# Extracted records
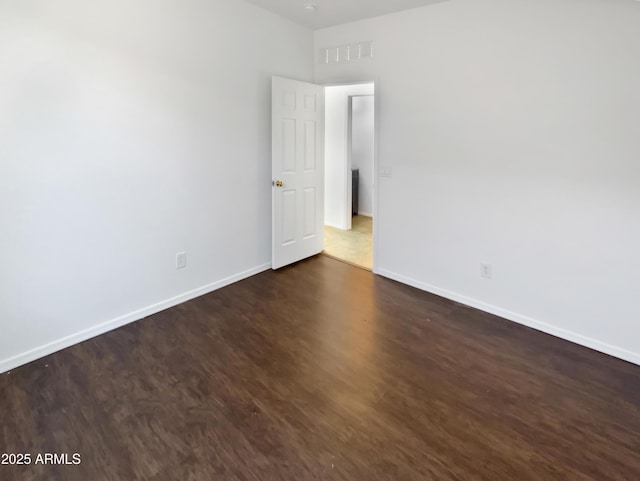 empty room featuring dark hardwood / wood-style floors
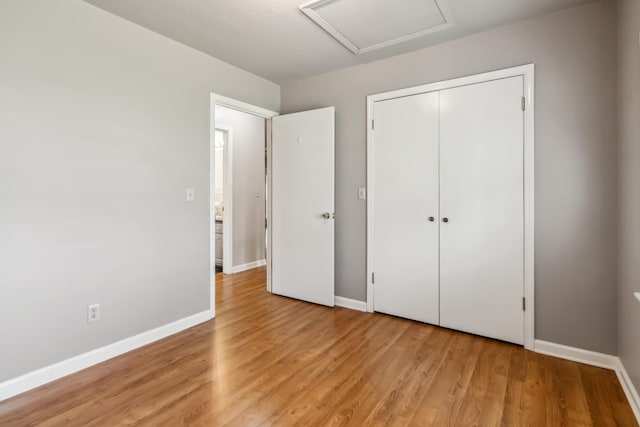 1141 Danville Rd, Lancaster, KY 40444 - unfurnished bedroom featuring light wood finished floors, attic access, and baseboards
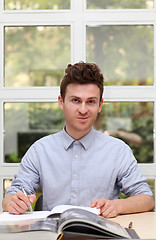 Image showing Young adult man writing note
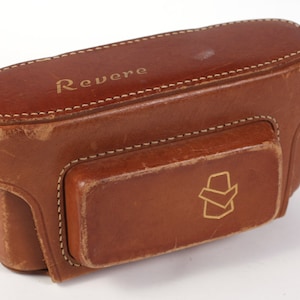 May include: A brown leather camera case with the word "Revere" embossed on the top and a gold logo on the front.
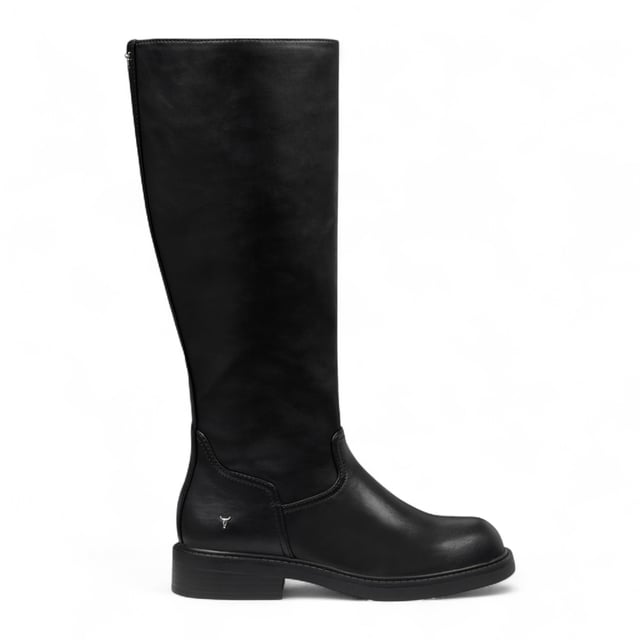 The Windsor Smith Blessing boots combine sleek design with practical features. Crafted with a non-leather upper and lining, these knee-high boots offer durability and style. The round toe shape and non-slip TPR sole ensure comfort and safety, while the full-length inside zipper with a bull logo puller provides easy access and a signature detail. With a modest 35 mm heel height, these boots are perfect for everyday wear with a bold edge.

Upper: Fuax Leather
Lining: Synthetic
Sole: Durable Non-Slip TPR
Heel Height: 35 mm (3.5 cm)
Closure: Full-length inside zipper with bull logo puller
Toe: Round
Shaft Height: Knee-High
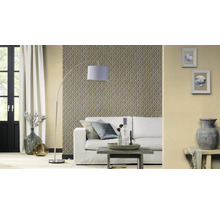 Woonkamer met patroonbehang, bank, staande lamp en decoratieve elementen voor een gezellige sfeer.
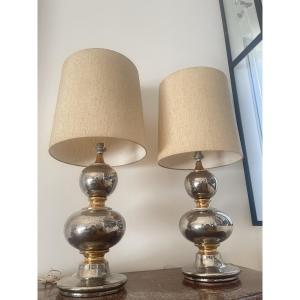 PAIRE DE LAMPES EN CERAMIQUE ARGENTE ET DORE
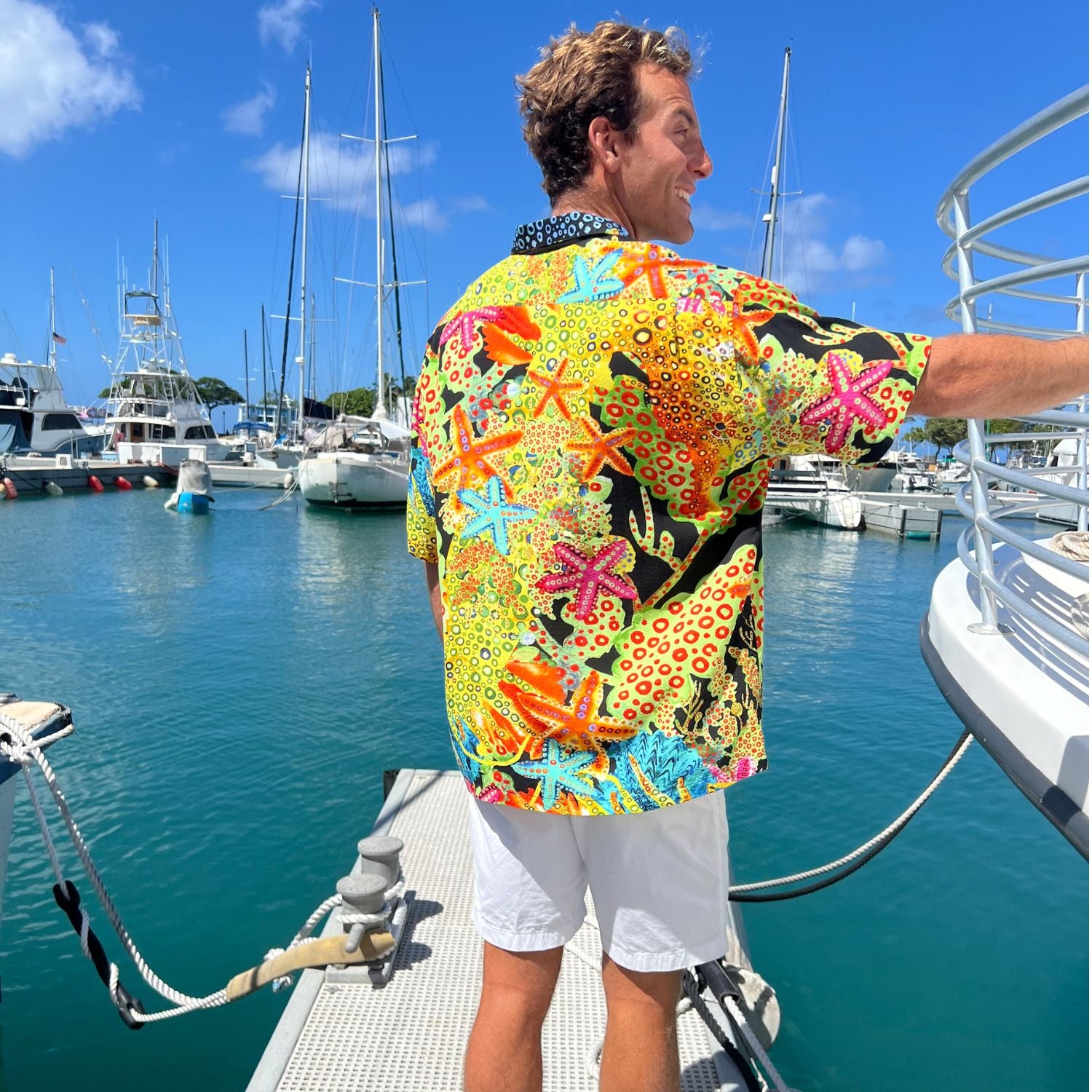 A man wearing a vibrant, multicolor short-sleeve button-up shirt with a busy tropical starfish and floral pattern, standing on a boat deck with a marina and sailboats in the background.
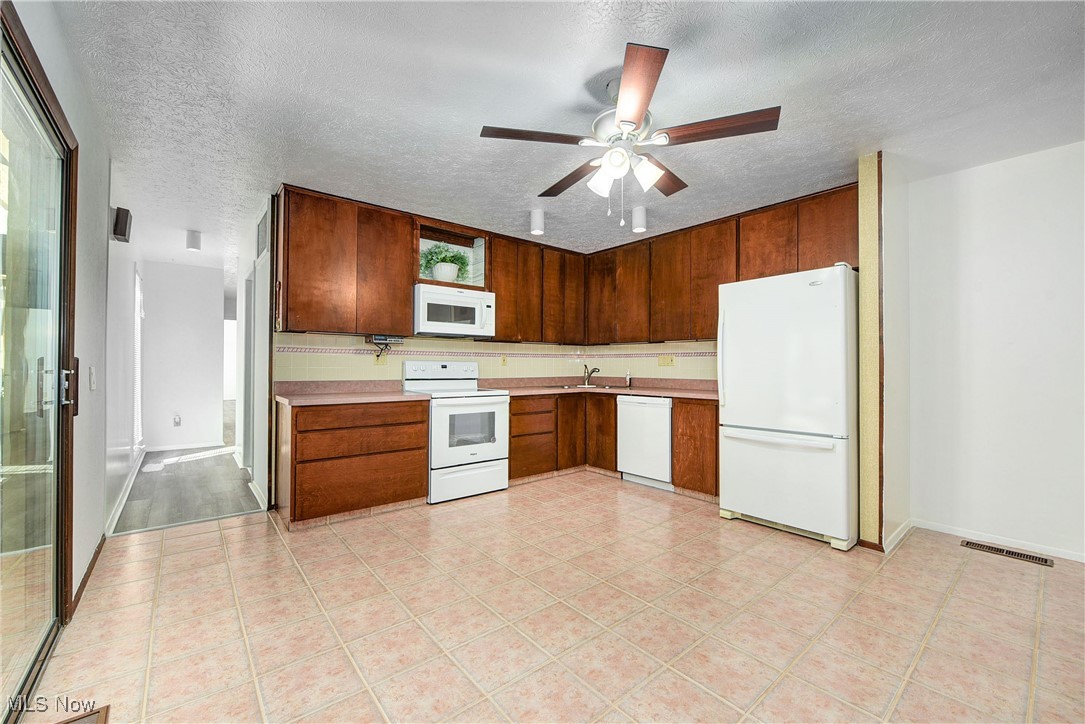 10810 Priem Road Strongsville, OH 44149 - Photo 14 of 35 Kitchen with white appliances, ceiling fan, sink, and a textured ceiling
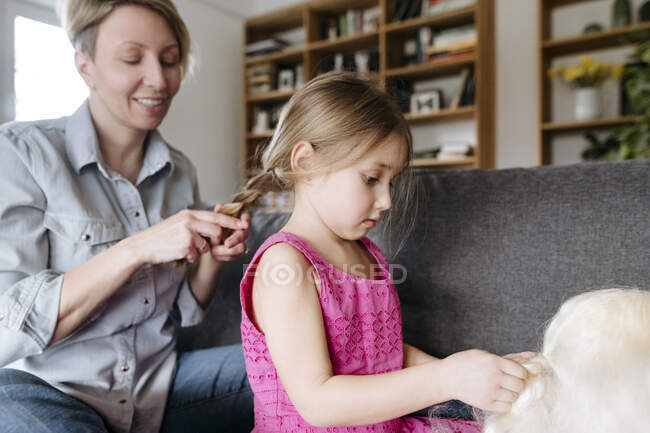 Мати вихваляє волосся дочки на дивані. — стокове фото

# PROBLEM DETAILS
Leave out the images and repeat the rest of the data word for word.

# YOUR RESPONSE
 empty room featuring dark hardwood / wood-style floors
 1141 Danville Rd, Lancaster, KY 40444 - unfurnished bedroom featuring light wood finished floors, attic access, and baseboards
 Image showing Young adult man writing note
 May include: A brown leather camera case with the word "Revere" embossed on the top and a gold logo on the front.
 The Windsor Smith Blessing boots combine sleek design with practical features. Crafted with a non-leather upper and lining, these knee-high boots offer durability and style. The round toe shape and non-slip TPR sole ensure comfort and safety, while the full-length inside zipper with a bull logo puller provides easy access and a signature detail. With a modest 35 mm heel height, these boots are perfect for everyday wear with a bold edge.

Upper: Fuax Leather
Lining: Synthetic
Sole: Durable Non-Slip TPR
Heel Height: 35 mm (3.5 cm)
Closure: Full-length inside zipper with bull logo puller
Toe: Round
Shaft Height: Knee-High
 Woonkamer met patroonbehang, bank, staande lamp en decoratieve elementen voor een gezellige sfeer.
 PAIRE DE LAMPES EN CERAMIQUE ARGENTE ET DORE
 A man wearing a vibrant, multicolor short-sleeve button-up shirt with a busy tropical starfish and floral pattern, standing on a boat deck with a marina and sailboats in the background.
 10810 Priem Road Strongsville, OH 44149 - Photo 14 of 35 Kitchen with white appliances, ceiling fan, sink, and a textured ceiling
 Мати вихваляє волосся дочки на дивані. — стокове фото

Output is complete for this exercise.